The presence of Mr. Gulen in the United States — he has lived in self-imposed exile in Pennsylvania since the 1990s — is one of the major points of contention in the uneasy relations between the two NATO allies.

But Foreign Minister Mevlut Cavusoglu said that President Trump had told President Recep Tayyip Erdogan during a meeting at the recent Group of 20 summit meeting in Buenos Aires that his administration was “working on” the extradition request. Mr. Cavusoglu made the comments at a conference in Doha, Qatar, on Sunday.

“Last time we met in Buenos Aires, President Trump told President Erdogan that they have been working on that,” he said, “but we need to see concrete steps because it has been already two years, almost three years.”

The State Department did not answer requests for comment on Sunday.

Mr. Cavusoglu said Turkey had also requested the extradition of more than 8o Gulen followers living in the United States.

“Our expectation is very clear,” Mr. Cavusoglu said, adding that “we have bilateral agreements and international law is there.”

Turkey has repeatedly requested that Mr. Gulen be handed over, or that he be prosecuted in the United States. Turkish officials have often complained that the United States government has done little with what Turkey says is 85 boxes of evidence in support of the case against the preacher that it has handed over.

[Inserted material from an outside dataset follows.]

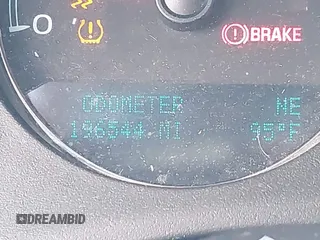 2011 Chevrolet Suburban LS с VIN 1GNSCHE07BR333292, выставлен на аукционе IAAI как лот 42749660 с пробегом 196 544 миль миль и . История ставок и продаж доступна на DreamBid. Изображение 15.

Mr. Gulen has denied playing a role in the coup attempt.

United States officials have said in the past that Justice Department agents have devoted hundreds of hours going through the evidence, but that the material presented by Turkey does not meet the standard to secure Mr. Gulen’s extradition in an American court.

Turkey and the United States have also been at loggerheads over the United States relationship with Kurdish forces in Syria. The Turkish government considers the Kurds a threat, and Mr. Erdogan threatened this month to mount a new incursion into northern Syria to tackle the security threat.

The United States counters that the Kurds are the most capable of fighting the Islamic State.

In addition, tensions rose over how to respond to the killing of the Saudi dissident Jamal Khashoggi in the Saudi Consulate in Istanbul. Mr. Trump’s defense of Crown Prince Mohammed bin Salman of Saudi Arabia in that case has irritated the Turks, who have demanded a fuller accounting from the Saudis of what happened.